Agenda

Suppose we have several different models for a particular data set. How should we choose the best one? Naturally, we would want to select the best performing model in order to choose the best. What is performance? How to estimate performance? Thinking about these ideas, we'll consider the following:

  • Model assessment and selection
  • Prediction error
  • Cross-validation
  • Smoothing example

Example: Lidar data

  • Consider the lidar data from SemiPar package in R
library(SemiPar)
data(lidar)
  • Randomly split data into K subsets
  • Each observation gets a foldid between 1 and K
K <- 10
n <- nrow(lidar)
foldid <-sample(rep(1:K, length = n))
  • Split data into training and test data
lidar.train <- subset(lidar, foldid != 1)
lidar.test <-  subset(lidar, foldid == 1)
attach(lidar.train)

Example: Lidar data

plot(range,logratio, main="Lidar Data")

loess (locally weighted smoothing)

  • loess (locally weighted smoothing) is a popular tool that creates a smooth line through a timeplot or scatter plot to help you to see relationship between variables and foresee trends
  • loess is typically to
    • Fitting a line to a scatter plot or time plot where noisy data values, sparse data points or weak interrelationships interfere with your ability to see a line of best fit
    • Linear regression where least squares fitting doesn’t create a line of good fit or is too labor-intensive to use
    • Data exploration and analysis

Nonparametric smoothing

  • Benefits
    • Provides a flexible approach to representing data
    • Ease of use
    • Computations are relatively easy (sometimes)
  • Disadvantages
    • No simple equation for a set of data
    • Less understood than parametric smoothers
    • Depends on a span parameter controlling the smoothness

Example: Lidar data

  • Can consider fitting a loess smooth to the data
obj0 <- loess(logratio ~ range, data = lidar.train, 
              control = loess.control(surface = 'direct'))

Example: Lidar data

plot(obj0, xlab="range", ylab="logratio", main="Lidar Data with Loess Smooth")
points(obj0$x , obj0$fitted, type="l", col="red", lwd=2)

Example: Lidar data

  • How to choose the span parameter?
  • Which model is the best?

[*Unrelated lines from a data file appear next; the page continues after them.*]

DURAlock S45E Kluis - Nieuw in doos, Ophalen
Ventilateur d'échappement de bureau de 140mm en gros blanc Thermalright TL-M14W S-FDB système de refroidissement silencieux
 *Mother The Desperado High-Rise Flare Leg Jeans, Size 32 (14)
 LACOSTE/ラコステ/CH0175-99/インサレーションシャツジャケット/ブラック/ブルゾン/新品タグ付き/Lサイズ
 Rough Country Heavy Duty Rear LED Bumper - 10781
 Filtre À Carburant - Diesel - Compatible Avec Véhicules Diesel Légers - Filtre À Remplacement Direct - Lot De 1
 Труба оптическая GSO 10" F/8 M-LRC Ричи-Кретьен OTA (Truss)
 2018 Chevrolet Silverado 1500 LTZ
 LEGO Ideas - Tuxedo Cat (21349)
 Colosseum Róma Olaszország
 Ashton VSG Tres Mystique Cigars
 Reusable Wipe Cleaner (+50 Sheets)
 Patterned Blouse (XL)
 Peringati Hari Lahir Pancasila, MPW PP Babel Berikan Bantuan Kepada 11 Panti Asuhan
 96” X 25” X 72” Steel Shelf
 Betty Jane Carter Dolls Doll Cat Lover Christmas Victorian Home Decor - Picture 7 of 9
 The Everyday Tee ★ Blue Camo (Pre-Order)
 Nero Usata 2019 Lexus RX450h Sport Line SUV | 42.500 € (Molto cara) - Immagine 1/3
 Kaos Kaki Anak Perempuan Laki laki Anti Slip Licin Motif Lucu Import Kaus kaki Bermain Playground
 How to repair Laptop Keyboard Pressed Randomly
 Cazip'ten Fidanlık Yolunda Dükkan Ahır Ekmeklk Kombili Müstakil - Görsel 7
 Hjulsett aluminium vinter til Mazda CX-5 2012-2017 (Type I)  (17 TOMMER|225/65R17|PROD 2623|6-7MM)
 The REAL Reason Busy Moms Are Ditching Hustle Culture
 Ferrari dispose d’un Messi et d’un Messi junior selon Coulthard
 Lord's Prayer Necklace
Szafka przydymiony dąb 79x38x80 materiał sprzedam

Why?
obj3 <- loess(logratio ~ range, data = lidar.train, span = 1, 
              control = loess.control(surface = 'direct'))
obj2 <- loess(logratio ~ range, data = lidar.train, span = .3, 
              control = loess.control(surface = 'direct'))
obj1 <- loess(logratio ~ range, data = lidar.train, span = .02, 
              control = loess.control(surface = 'direct'))
## Warning in simpleLoess(y, x, w, span, degree = degree, parametric =
## parametric, : span too small. fewer data values than degrees of freedom.
## Warning in simpleLoess(y, x, w, span, degree = degree, parametric =
## parametric, : pseudoinverse used at 390
## Warning in simpleLoess(y, x, w, span, degree = degree, parametric =
## parametric, : neighborhood radius 3
## Warning in simpleLoess(y, x, w, span, degree = degree, parametric =
## parametric, : reciprocal condition number 0
## Warning in simpleLoess(y, x, w, span, degree = degree, parametric =
## parametric, : There are other near singularities as well. 4
## Warning in simpleLoess(y, x, w, span, degree = degree, parametric =
## parametric, : Chernobyl! trL>n 198

## Warning in simpleLoess(y, x, w, span, degree = degree, parametric =
## parametric, : Chernobyl! trL>n 198
## Warning in sqrt(sum.squares/one.delta): NaNs produced

Example: Lidar data

Example: Lidar data

  • Model 1: \(\sum_i \left| Y_i - \hat{f} (X_i) \right| ^2 = 0\)
  • Model 2: \(\sum_i \left| Y_i - \hat{f} (X_i) \right| ^2 = 1.03\)
  • Model 3: \(\sum_i \left| Y_i - \hat{f} (X_i) \right| ^2 = 1.71\)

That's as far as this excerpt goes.